赤間 亮
RARAフェロー
世界に先駆けたデジタル・パブリック
ヒューマニティーズ研究空間(ARCーRS)の
実現と運用
SCROLL
1983年都留文科大学卒業、1985年早稲田大学文学研究科修士課程修了、1991年早稲田大学文学研究科博士後期課程単位取得退学。早稲田大学坪内博士記念演劇博物館助手を経て、1991年より立命館大学文学部専任講師。1998年立命館大学アート・リサーチセンターの設立を主導し、デジタルアーカイブ技術と日本芸術文化研究を融合したデジタル・ヒューマニティズ型研究を確立、推進してきた。2002年からは、海外に拡散した日本の美術品・文化財のデジタルアーカイブプロジェクトを開始し、その手法は、ARCデジタルアーカイブモデルとして海外でも知られている。

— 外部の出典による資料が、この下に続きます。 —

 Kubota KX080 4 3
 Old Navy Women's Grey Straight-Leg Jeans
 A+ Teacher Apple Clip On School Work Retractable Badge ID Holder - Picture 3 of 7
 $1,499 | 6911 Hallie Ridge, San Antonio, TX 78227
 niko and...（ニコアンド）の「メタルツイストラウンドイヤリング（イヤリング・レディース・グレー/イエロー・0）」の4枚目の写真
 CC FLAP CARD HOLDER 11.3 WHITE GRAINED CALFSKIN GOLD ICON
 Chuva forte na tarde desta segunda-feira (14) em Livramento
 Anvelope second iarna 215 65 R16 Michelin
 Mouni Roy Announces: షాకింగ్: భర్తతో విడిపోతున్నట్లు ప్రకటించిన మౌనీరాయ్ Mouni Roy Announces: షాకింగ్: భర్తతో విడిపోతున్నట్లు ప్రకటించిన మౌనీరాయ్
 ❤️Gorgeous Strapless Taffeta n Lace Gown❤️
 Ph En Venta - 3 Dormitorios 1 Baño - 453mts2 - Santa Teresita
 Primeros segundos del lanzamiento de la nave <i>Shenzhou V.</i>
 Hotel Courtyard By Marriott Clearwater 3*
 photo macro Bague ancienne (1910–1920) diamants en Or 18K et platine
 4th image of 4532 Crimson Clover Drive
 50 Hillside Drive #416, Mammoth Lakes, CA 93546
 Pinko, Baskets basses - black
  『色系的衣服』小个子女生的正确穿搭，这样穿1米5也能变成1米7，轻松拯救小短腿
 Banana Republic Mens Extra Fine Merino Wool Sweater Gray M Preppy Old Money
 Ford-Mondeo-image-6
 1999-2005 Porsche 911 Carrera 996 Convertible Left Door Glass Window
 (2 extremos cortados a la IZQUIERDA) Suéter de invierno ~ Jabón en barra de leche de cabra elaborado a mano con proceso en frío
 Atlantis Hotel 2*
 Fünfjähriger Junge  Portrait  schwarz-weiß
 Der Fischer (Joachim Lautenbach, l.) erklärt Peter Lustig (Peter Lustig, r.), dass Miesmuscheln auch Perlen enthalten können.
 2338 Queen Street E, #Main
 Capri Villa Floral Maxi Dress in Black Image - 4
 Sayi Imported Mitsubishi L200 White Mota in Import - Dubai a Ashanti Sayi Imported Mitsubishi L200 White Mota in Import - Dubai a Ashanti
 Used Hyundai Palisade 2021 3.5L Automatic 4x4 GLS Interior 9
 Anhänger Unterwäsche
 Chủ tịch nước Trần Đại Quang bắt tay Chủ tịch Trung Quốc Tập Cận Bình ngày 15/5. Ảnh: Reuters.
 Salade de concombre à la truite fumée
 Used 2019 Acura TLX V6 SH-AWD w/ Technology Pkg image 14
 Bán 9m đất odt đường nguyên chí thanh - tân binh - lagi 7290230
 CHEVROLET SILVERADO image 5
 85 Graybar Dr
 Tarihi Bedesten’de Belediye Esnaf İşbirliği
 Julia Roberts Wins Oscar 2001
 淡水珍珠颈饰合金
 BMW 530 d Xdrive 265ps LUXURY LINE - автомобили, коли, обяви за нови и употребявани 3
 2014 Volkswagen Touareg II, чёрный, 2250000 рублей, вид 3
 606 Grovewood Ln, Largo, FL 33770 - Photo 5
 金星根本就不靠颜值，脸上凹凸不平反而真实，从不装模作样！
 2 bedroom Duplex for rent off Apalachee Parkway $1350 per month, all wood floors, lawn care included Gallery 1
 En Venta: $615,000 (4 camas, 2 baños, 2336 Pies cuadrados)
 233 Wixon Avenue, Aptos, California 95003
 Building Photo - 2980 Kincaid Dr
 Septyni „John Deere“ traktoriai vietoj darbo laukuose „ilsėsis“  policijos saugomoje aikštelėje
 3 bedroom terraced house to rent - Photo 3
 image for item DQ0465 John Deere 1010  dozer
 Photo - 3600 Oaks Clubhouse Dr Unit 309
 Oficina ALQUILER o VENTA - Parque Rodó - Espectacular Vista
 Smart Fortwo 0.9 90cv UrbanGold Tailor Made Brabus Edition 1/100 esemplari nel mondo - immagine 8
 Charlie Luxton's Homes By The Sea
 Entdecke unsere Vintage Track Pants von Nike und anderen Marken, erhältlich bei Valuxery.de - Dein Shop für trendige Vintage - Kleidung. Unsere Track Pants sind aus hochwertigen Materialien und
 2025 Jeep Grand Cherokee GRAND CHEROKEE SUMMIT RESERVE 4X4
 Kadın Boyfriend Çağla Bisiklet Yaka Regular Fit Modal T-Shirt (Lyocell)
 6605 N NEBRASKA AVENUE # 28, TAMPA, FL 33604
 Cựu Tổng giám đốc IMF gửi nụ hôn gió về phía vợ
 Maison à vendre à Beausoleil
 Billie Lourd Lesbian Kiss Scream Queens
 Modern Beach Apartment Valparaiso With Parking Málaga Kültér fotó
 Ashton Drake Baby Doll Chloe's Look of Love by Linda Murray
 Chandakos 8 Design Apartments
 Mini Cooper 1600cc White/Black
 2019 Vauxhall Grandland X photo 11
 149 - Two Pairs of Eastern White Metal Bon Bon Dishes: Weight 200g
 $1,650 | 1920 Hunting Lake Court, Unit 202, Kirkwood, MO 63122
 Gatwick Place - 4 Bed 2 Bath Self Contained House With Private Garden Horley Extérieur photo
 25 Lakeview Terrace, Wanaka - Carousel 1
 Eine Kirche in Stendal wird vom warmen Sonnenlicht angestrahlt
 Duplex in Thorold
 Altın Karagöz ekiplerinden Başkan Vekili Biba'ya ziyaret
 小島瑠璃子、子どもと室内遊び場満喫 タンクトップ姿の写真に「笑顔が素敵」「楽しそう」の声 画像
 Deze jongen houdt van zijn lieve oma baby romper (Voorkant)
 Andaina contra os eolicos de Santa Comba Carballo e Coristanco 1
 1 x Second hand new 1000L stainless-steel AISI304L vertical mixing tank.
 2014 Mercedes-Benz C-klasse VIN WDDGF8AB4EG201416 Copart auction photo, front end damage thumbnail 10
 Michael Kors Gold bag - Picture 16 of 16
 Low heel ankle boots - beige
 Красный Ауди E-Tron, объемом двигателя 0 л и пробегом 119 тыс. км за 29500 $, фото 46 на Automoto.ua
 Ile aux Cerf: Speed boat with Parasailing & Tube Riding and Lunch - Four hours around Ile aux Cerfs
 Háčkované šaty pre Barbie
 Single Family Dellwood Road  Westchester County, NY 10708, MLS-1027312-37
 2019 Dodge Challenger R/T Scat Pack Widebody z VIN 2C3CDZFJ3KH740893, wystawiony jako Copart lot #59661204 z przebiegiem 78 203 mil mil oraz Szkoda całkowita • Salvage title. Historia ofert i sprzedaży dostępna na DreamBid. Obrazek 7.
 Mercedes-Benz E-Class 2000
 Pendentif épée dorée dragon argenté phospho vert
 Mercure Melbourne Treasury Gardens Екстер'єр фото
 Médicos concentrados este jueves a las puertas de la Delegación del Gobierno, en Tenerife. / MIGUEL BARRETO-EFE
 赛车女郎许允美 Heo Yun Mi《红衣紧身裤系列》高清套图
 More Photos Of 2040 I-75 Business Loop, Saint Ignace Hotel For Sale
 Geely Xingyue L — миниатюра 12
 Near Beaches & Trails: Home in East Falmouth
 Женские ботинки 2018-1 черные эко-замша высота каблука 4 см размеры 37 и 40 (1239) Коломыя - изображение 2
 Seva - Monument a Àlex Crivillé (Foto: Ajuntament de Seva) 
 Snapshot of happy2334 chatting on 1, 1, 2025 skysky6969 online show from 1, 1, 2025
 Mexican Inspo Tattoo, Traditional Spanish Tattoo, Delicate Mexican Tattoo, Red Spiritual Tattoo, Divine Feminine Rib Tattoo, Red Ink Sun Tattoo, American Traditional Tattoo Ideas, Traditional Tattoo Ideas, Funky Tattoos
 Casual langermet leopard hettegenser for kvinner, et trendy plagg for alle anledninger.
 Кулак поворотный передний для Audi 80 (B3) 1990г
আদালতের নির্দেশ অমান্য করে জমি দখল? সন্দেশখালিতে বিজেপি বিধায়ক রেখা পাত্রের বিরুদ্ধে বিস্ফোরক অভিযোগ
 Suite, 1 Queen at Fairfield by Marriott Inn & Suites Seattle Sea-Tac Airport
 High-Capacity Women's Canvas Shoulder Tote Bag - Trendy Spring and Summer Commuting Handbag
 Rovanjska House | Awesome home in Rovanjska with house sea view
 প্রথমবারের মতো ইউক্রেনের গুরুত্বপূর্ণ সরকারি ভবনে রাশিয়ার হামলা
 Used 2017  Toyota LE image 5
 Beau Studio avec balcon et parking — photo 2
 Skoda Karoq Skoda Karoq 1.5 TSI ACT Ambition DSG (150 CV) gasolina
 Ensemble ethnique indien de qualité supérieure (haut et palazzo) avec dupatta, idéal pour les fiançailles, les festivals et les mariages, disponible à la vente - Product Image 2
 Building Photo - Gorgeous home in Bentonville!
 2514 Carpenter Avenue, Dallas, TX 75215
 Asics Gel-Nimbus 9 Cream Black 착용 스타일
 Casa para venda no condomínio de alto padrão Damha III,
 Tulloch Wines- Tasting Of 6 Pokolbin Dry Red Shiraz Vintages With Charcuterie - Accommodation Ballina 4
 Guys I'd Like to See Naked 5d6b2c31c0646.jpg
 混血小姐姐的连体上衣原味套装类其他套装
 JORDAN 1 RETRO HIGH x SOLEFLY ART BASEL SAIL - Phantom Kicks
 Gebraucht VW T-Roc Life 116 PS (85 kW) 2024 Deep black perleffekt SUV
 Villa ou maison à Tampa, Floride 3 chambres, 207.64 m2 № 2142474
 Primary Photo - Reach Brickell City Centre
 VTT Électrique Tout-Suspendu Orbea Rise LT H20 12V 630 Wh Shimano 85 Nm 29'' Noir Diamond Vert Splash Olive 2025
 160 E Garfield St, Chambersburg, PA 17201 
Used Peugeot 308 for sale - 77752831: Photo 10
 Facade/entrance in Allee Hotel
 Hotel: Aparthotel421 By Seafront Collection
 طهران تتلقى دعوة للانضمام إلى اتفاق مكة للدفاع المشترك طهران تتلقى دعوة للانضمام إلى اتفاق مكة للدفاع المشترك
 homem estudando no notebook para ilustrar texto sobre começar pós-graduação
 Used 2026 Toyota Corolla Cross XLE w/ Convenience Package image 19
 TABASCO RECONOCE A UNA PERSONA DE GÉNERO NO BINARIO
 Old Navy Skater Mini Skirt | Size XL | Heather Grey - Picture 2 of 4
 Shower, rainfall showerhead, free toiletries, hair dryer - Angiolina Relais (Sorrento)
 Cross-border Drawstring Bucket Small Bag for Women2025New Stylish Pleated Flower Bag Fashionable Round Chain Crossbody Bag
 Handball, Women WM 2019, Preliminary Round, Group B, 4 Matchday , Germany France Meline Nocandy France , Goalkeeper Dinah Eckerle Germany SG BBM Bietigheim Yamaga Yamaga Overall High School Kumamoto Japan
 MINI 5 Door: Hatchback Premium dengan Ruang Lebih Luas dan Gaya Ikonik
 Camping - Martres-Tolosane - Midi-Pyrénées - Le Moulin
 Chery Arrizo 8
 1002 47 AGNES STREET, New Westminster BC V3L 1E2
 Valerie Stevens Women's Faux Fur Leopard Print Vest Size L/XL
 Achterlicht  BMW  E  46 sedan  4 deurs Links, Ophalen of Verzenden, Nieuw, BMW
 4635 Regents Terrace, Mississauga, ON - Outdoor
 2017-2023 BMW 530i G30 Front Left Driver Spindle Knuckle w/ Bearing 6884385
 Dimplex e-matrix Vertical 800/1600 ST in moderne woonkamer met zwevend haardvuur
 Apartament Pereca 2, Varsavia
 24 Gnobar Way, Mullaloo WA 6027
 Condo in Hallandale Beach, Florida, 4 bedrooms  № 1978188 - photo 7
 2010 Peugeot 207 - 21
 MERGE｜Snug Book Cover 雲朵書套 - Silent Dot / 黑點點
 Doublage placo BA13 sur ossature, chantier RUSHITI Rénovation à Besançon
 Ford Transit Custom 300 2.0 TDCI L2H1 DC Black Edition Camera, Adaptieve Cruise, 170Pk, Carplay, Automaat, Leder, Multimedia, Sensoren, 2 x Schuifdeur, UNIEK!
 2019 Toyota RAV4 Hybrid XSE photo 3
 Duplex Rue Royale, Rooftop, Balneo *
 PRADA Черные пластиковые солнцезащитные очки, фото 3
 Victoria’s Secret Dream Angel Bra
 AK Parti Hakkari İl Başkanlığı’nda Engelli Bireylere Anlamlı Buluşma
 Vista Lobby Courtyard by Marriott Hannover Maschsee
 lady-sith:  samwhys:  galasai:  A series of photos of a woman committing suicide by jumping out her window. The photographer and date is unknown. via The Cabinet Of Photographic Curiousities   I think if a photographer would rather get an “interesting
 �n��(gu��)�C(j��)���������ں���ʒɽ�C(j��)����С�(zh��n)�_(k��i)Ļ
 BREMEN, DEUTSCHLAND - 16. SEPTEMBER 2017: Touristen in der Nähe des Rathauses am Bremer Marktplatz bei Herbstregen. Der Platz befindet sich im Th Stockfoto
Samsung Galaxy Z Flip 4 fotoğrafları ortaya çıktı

だれもが日本の芸術・文化にアクセスし研究できる豊かな世界を、メタバースにつくる
日本の文化芸術研究のための基礎的デジタル研究環境を構築してきました。この環境に生成AIを応用的に取り込み、アーカイブを知的生産活動に効果的に機能させることを目指しています。また、国内の文化資源デジタル化にも注力した上で、文化資源を活用した地域連携を促進するため、メタバースに次世代研究環境の可能性を追求し、パブリック・ヒューマニティーズとデジタル・ヒューマニティーズ(DH)を連結したデジタル・パブリックヒューマニティーズ(DPH)を推進していきます。
芸術・文化は直接「命」や「利益」に繋がらない分野のため、後回しにされがちです。しかし、この分野は人間の心を豊かにする分野であるため、パブリック・ヒューマニティーズの考え方に即していえば、一人ひとりがまんべんなくアクセスし芸術・文化を容易に享受できるデジタル環境を構築することは、結果的に人々の豊かさに繋がるものと考えています。そのためには、芸術・文化とパブリックの間の敷居を取り除く環境作りが必要であると思います。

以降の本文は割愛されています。